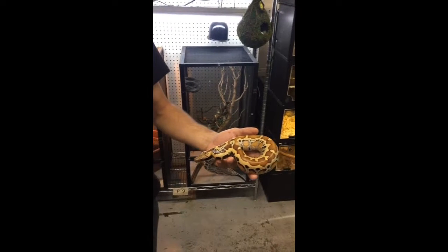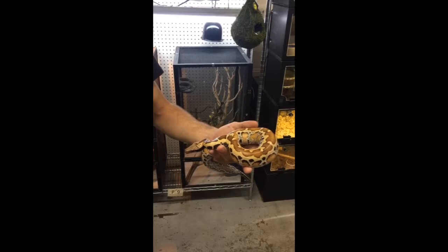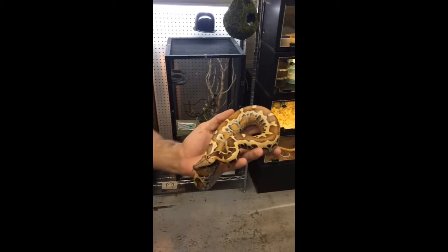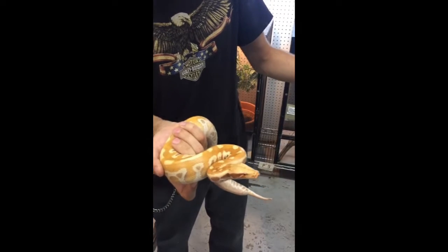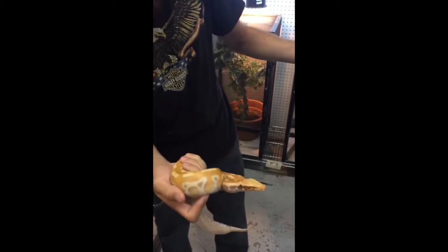Hey guys, it's us from ThePaintedReptile and here we got two awesome looking blood pythons. They're both eating great. Here we got the normal typical blood python and here we got a really nice fat T positive albino blood python also eating great. You can see the awesome body mass on these guys.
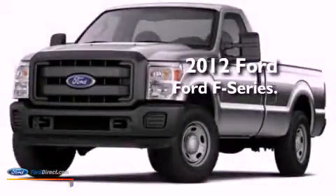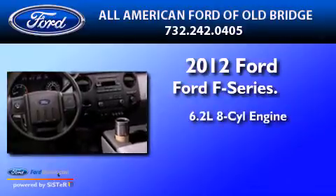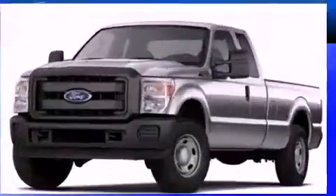This is a brand new 2012 Ford F-250. It has a 6.2 liter 8-cylinder engine, a 6-speed automatic transmission, and 4-wheel drive.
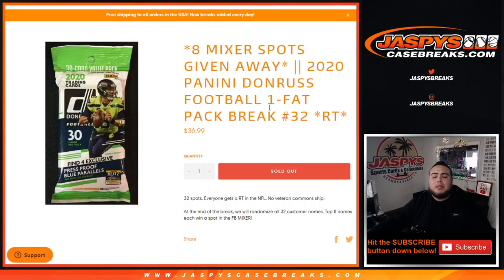What's up everybody, Jayce here from JaxBee's CaseBreaks.com. We just filled up a quick filler that gives away 8 football mixer spots. With this 2020 Panini Donruss Football Fat Pack break, random teams, 32 spots. The way it works: we'll randomize customer names and teams, distribute the hits out of the fat pack, and the top 8 out of 32 will win a spot in the football mixer.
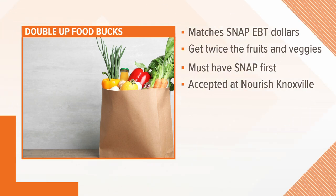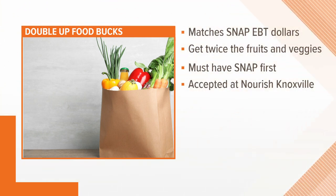You are open every Saturday until the end of March. If people want to get in touch or have any questions, they can find you at NourishKnoxville.org — the website has everything. You're also welcome to call or send an email, and all that information is on the website. Just stop by Market Square — that's where you can find them.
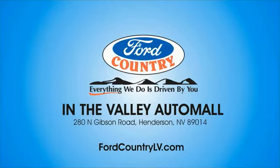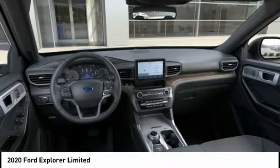Electronic stability control, alloy wheels, power lift gate, brake assist, traction control, remote keyless entry, fog lights, speed control, four-wheel disc brakes, ventilated front seats. Your new ride is just a phone call away.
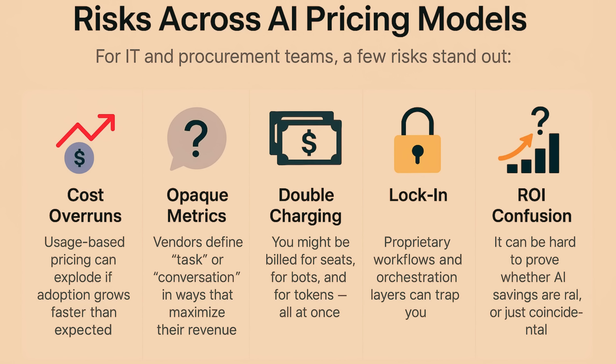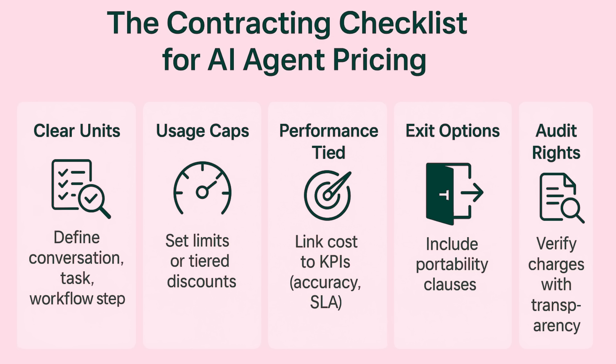Across these models, a few risks stand out for IT and procurement teams: cost overruns — usage-based pricing can explode if adoption grows faster than expected; opaque metrics — vendors define 'task' or 'conversation' in ways that maximize their revenue; double charging — you might be billed for seats, for bots, and for tokens all at once; lock-in — proprietary workflows and orchestration layers can trap you; and ROI confusion — it can be hard to prove whether AI savings are real or just coincidental.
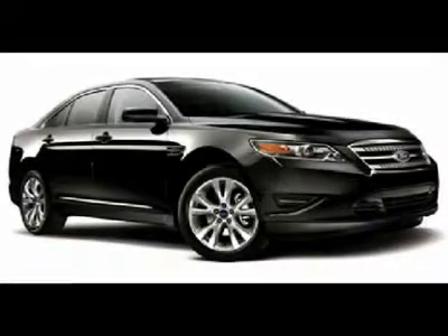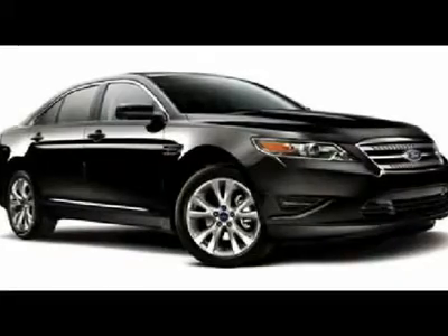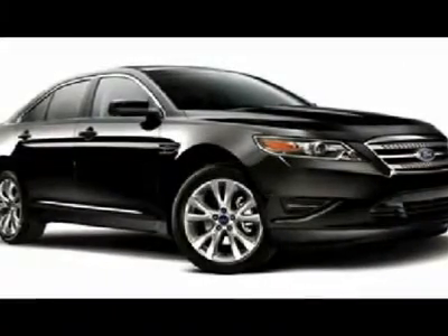We are pleased to present this excellent 2013 Ford Taurus with 2 miles. Its beautiful white platinum metallic tricot exterior is nicely complemented by a clean dune interior.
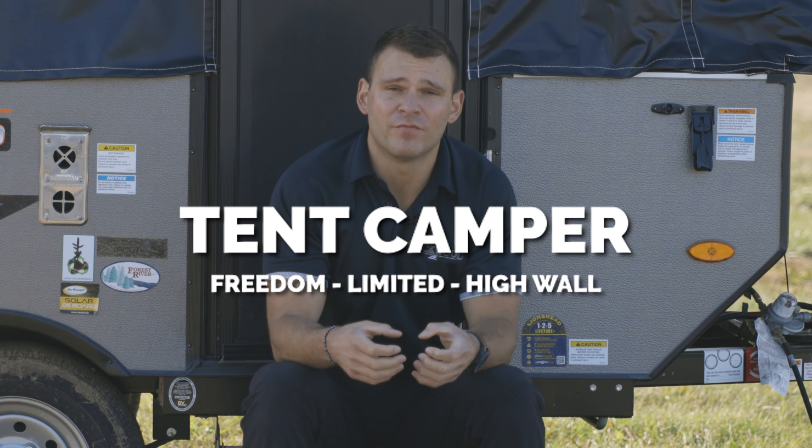If you have any questions about our pop-up tent campers, get on our website and shoot us an email. Thanks for tuning in.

=======

Task instructions: Copy the final stretch of the entries exactly: the line containing "We are pleased" and every line after it through the last. Include no pictures and nothing more.

Task result:
We are pleased to present this excellent 2013 Ford Taurus with 2 miles. Its beautiful white platinum metallic tricot exterior is nicely complemented by a clean dune interior.
If you have any questions about our pop-up tent campers, get on our website and shoot us an email. Thanks for tuning in.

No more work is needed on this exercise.